The only hotel in town, the Barentsburg Hotel

There are two public accommodation options. Both are booked through the Grumant travel company or booking websites.

  • 1 Barentsburg Hotel, +47 79 021814. Built in 1988 and in fairly good shape. 46 rooms and Wi-Fi and breakfast included. The hotel has a bar, a restaurant, a sauna and a conference room. rates around NOK 1800.
  • 2 Hostel Pomor, +47 941 30 128. Hostel with 78 beds in twin and triple rooms. Both floors have a common kitchen, toilets and showers, and there are laundry facilities. Free Wi-Fi. dbl NOK 800, trpl NOK 1000.

Connect[edit]

The Barentsburg Hotel has a post office for sending mail. It's a branch of the Longyearbyen post office and thus uses Norwegian stamps (and Norwegian prices), but they do have their own postmark. The post office also has a small exhibition presenting the history of Svalbard's postal services.
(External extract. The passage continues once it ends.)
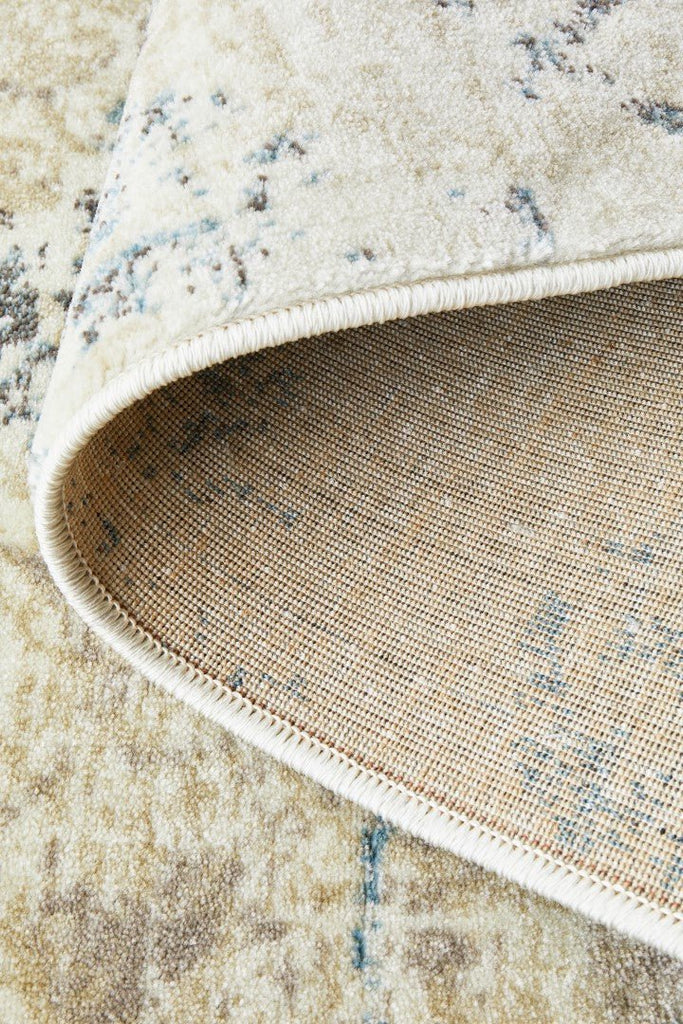 Calypso Modern Rug 6107 BoneCAL - 6107 - BON - 230X160Rugtastic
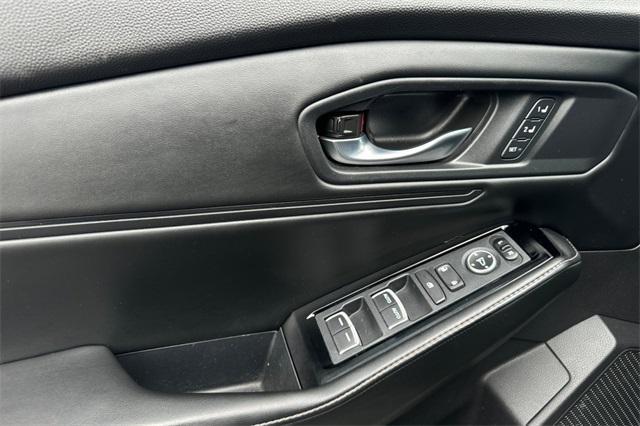 used 2023 Honda Accord Hybrid car, priced at $28,989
There is a small Russian consulate on Barentsburg, which could theoretically issue you a Russian visa. Don't count on it though, certainly not without checking ahead. A Russian visa application is a complicated process, and you can't just show up to get one. For example, you need a confirmed and paid hotel booking before applying.

Go next[edit]

Return to Longyearbyen by the means described in Get in above is the most straightforward option. If you plan on taking one of the occasional boats to Murmansk, check beforehand if you need a visa (and get one).